How Google Deep Dream Works

Computer Brains and Bikes

You can see that Deep Dream took an image of a beetle and used its data about similar creatures to reconstruct the original photo subject and background.
You can see that Deep Dream took an image of a beetle and used its data about similar creatures to reconstruct the original photo subject and background.
Deep Dream upload by HowStuffWorks staff

Neural networks don't automatically set about identifying data. They actually require a bit of training —they need to be fed sets of data to use as reference points. Otherwise they'd just blindly sift through data, unable to make any sense of it.

According to Google's official blog, the training process is based on repetition and analysis. For example, if you want to train an ANN to identify a bicycle, you'd show it many millions of bicycles. In addition, you'd clearly specify — in computer code, of course — what a bicycle looks like, with two wheels, a seat and handlebars.

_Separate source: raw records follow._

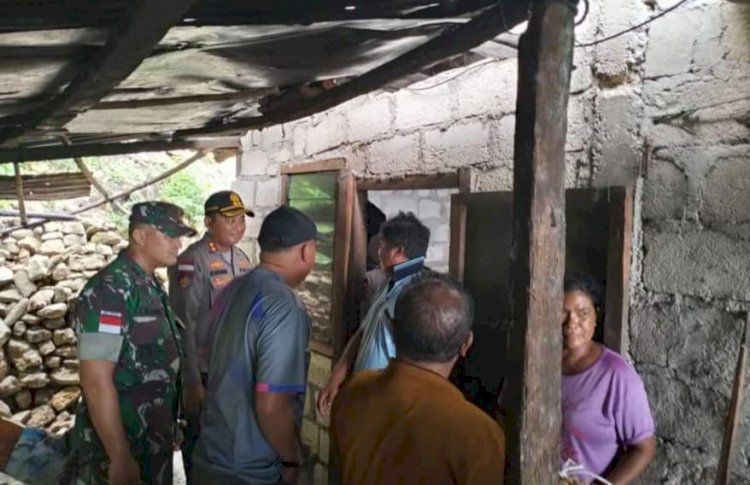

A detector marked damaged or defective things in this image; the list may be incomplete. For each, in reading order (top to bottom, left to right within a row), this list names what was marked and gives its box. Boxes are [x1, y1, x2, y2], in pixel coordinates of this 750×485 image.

rusted metal sheet [0, 171, 91, 199]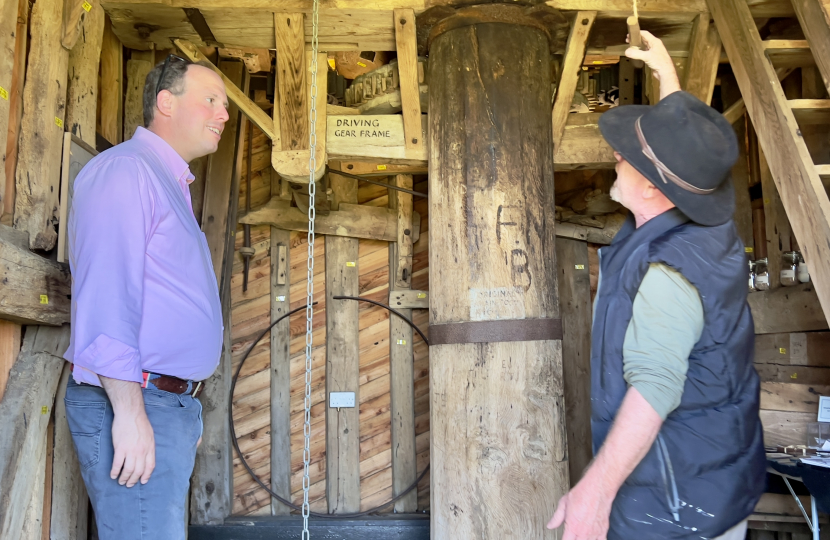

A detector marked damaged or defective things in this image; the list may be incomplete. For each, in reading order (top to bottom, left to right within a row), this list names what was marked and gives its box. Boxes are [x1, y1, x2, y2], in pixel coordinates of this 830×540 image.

rusty metal strap [432, 316, 564, 346]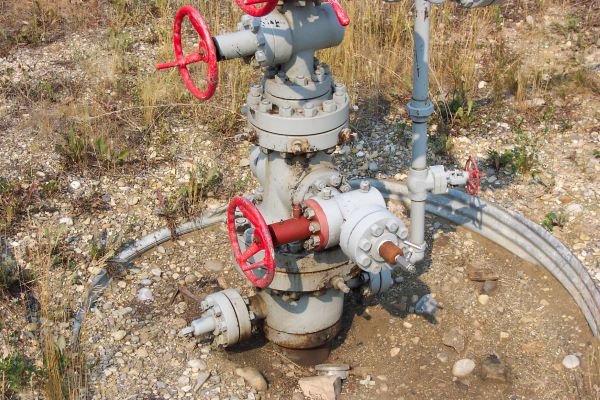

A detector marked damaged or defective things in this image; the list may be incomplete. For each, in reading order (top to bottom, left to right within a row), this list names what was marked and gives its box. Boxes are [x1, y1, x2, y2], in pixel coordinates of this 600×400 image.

rusty pipe nipple [378, 241, 406, 266]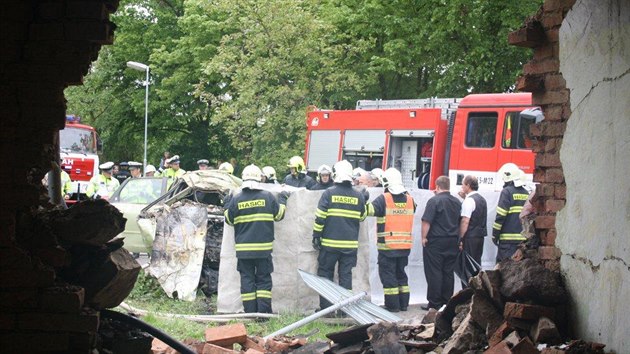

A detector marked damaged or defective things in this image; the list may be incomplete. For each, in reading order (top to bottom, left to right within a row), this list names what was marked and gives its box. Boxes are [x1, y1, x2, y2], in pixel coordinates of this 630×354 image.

damaged brick wall [0, 0, 119, 352]
damaged car [137, 170, 243, 300]
broken concrete slab [368, 322, 408, 352]
damaged brick wall [512, 0, 628, 352]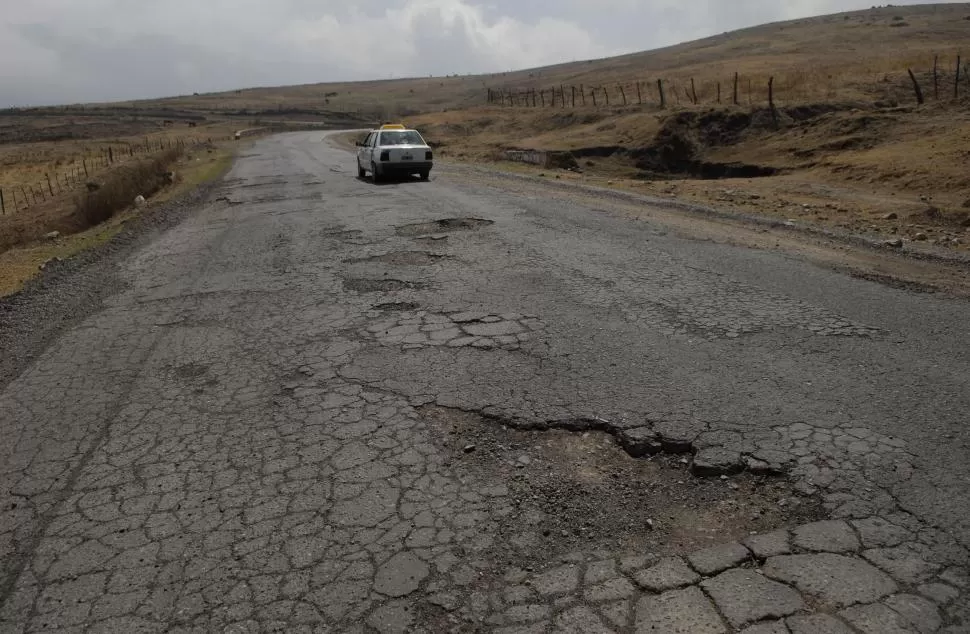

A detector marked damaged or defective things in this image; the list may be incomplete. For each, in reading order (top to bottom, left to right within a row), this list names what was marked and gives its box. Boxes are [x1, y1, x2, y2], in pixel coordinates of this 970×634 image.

pothole [394, 217, 492, 237]
deep pothole in road [394, 217, 492, 237]
large pothole [394, 217, 492, 237]
cracked asphalt [1, 131, 968, 628]
pothole [420, 404, 820, 556]
deep pothole in road [420, 402, 820, 560]
large pothole [420, 402, 820, 560]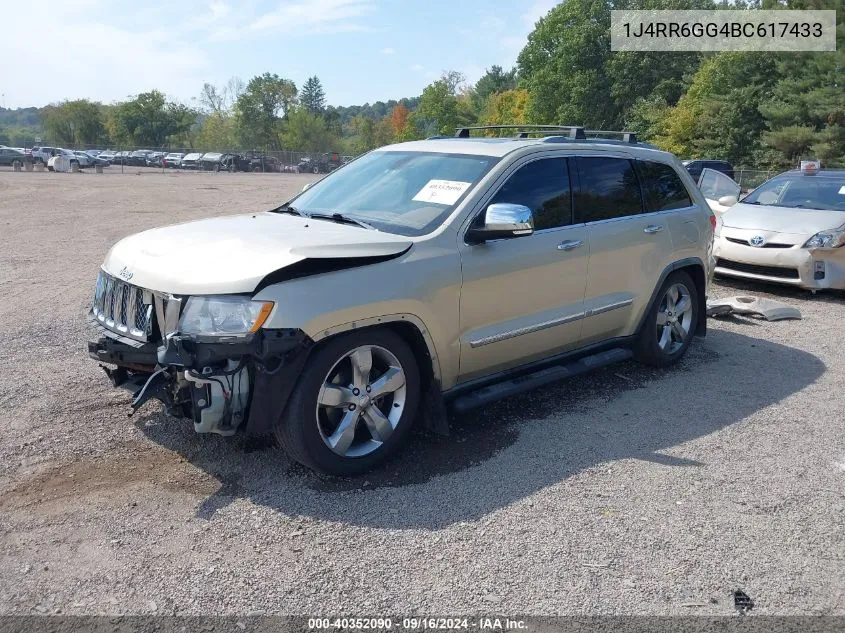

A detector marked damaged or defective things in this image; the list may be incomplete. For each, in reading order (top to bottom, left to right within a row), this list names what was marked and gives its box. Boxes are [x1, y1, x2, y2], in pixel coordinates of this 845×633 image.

crumpled front bumper [88, 326, 314, 434]
wrecked vehicle [89, 126, 712, 474]
damaged jeep grand cherokee [90, 126, 712, 474]
wrecked vehicle [712, 164, 844, 290]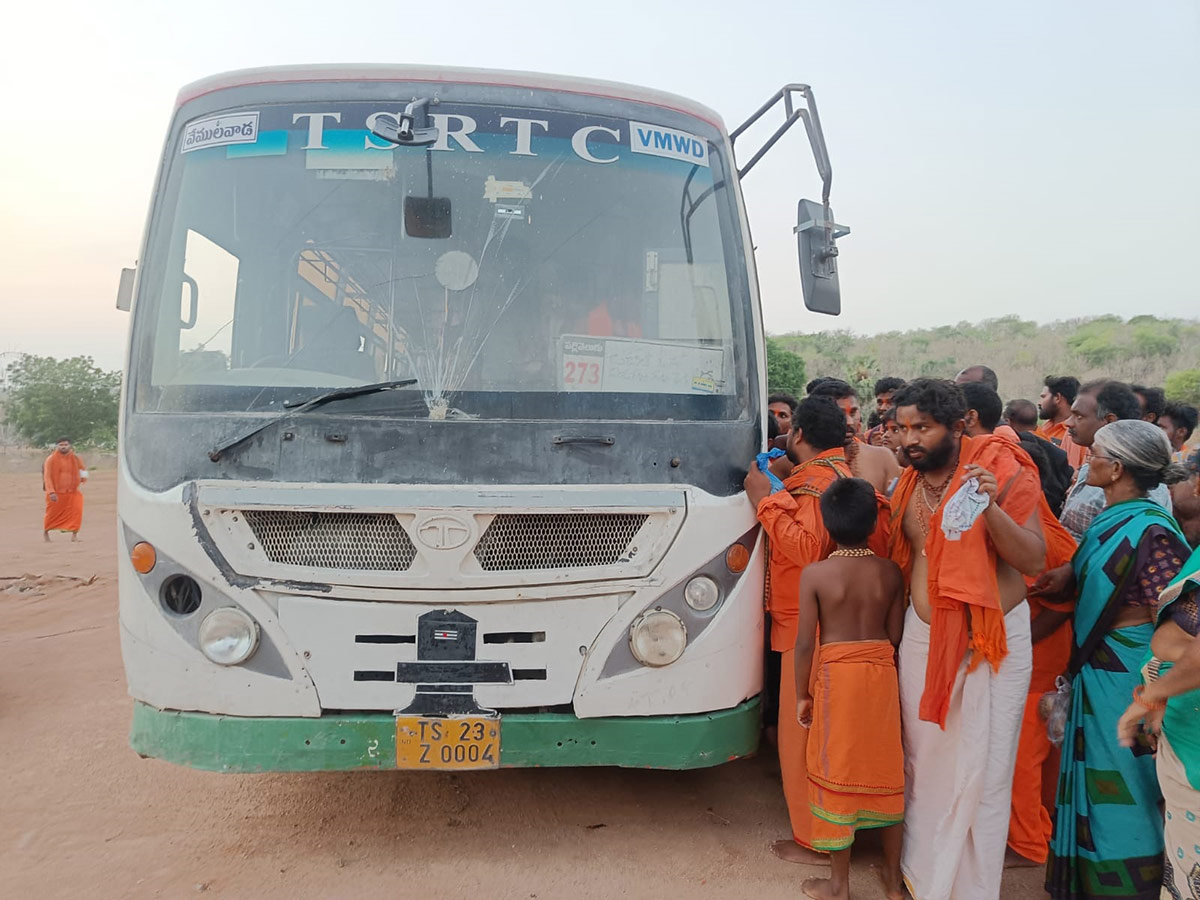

Then researchers turn the network loose to see what results it can find. There will be errors. The program might, for instance, return a series of images including motorcycles and mopeds. In those cases, programmers can tweak the code to clarify to the computer that bicycles don't include engines and exhaust systems. Then they run the program, again and again, fine-tuning the software until it returns satisfactory results.

The Deep Dream team realized that once a network can identify certain objects, it could then also recreate those objects on its own. So a network that knows bicycles on sight can then reproduce an image of bicycles without further input. The idea is that the network is generating creative new imagery thanks to its ability to classify and sort images.

Interestingly, even after sifting through millions of bicycle pictures, computers still make critical mistakes when generating their own pictures of bikes. They might include partial human hands on the handlebars or feet on the pedals. This happens because so many of the test images include people, too, and the computer eventually can't discern where the bike parts end and the people parts begin.

These kinds of mistakes happen for numerous reasons, and even software engineers don't fully understand every aspect of the neural networks they build. But by knowing how neural networks work you can begin to comprehend how these flaws occur.

The artificial neurons in the network operate in stacks. Deep Dream may use as few as 10 or as many as 30. Each layer picks up on various details of an image. The initial layers might detect basics such as the borders and edges within a picture. Another might identify specific colors and orientation. Other layers may look for specific shapes that resemble objects like a chair or light bulb. The final layers may react only to more sophisticated objects such as cars, leaves or buildings.

Google's developers call this process inceptionism in reference to this particular neural network architecture. They even posted a public gallery to show examples of Deep Dream's work.

Once the network has pinpointed various aspects of an image, any number of things can occur. With Deep Dream, Google decided to tell the network to make new images.